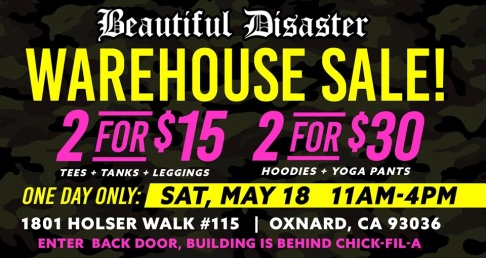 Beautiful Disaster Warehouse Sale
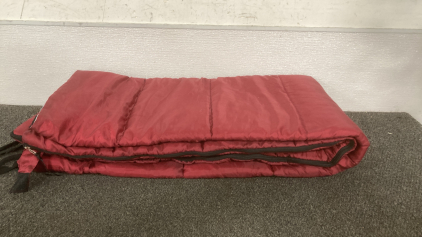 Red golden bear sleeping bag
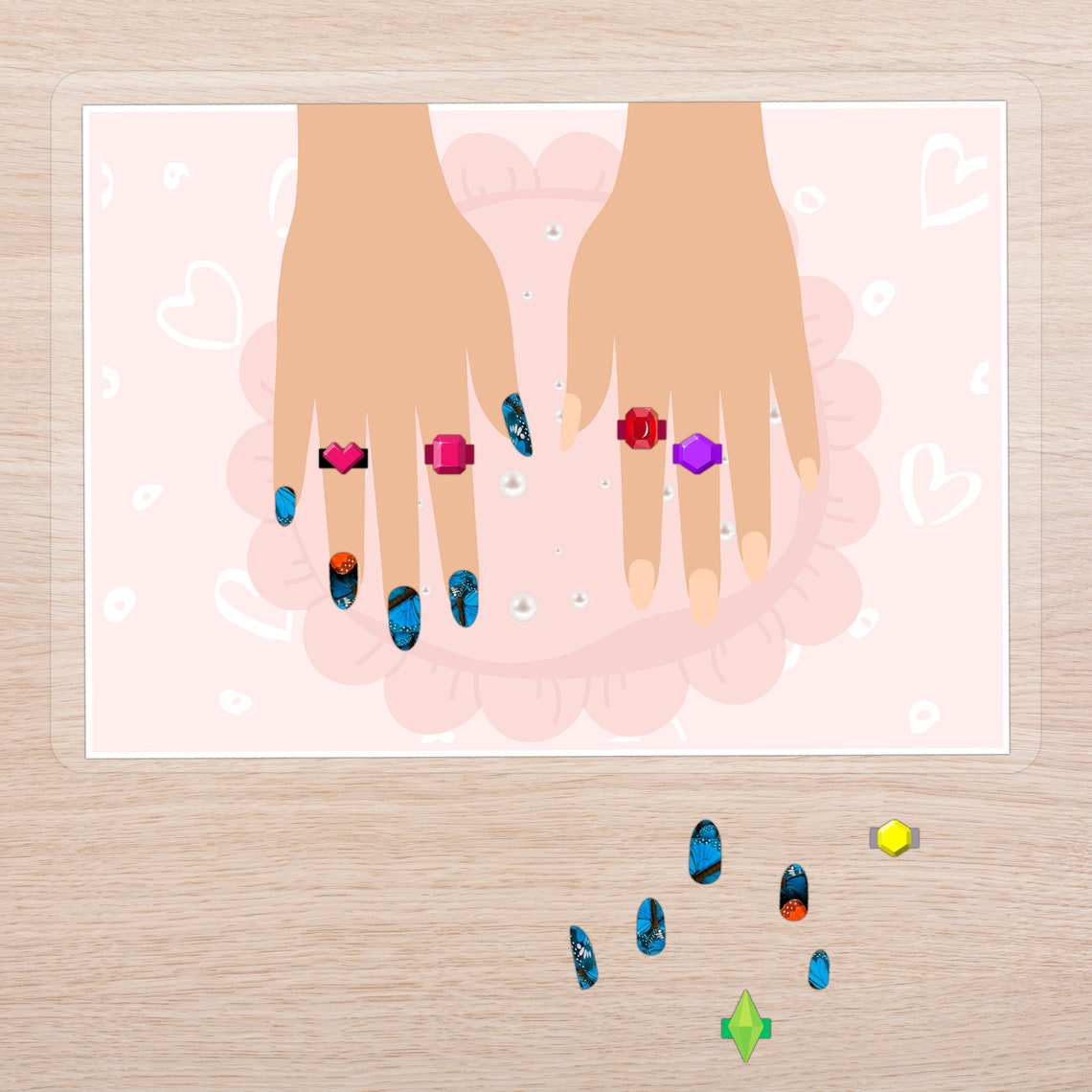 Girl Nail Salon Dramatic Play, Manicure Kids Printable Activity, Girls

==

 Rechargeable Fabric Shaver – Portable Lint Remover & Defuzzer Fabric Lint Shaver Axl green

==

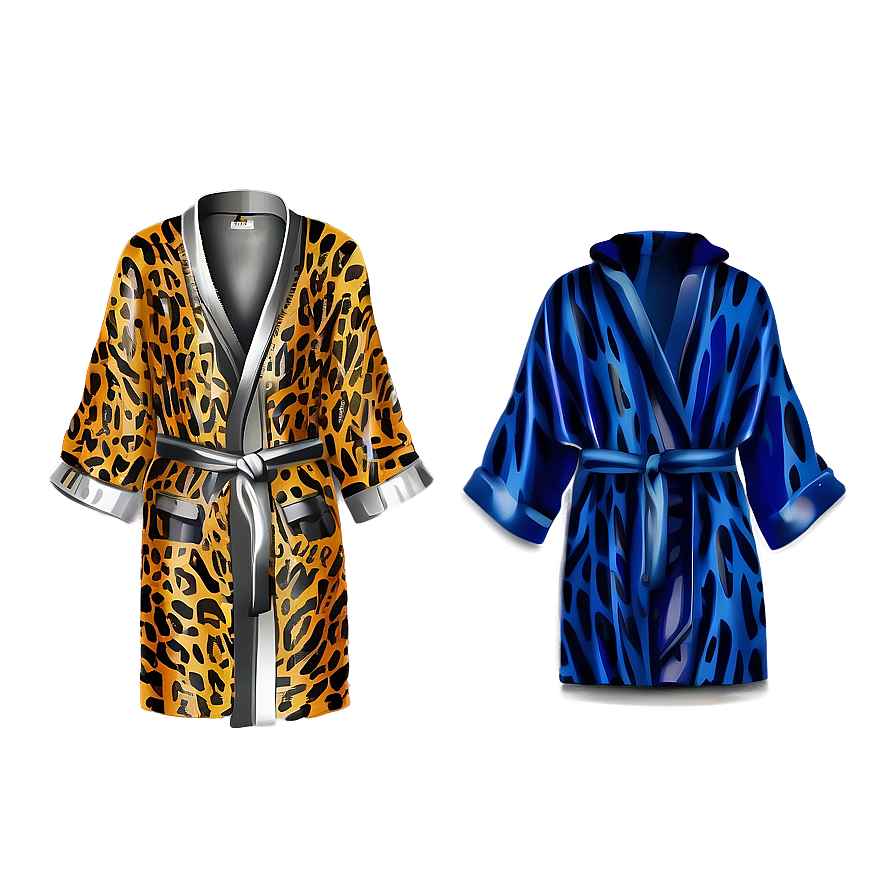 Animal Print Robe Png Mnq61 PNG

▸ TASK TO COMPLETE:
What are the lines in the records above, word for word, from the one containing "Beautiful Disaster Warehouse Sale" through the one containing "Girl Nail Salon", both ends included and pictures left out?

▸ ANSWER:
 Beautiful Disaster Warehouse Sale
 Red golden bear sleeping bag
 Girl Nail Salon Dramatic Play, Manicure Kids Printable Activity, Girls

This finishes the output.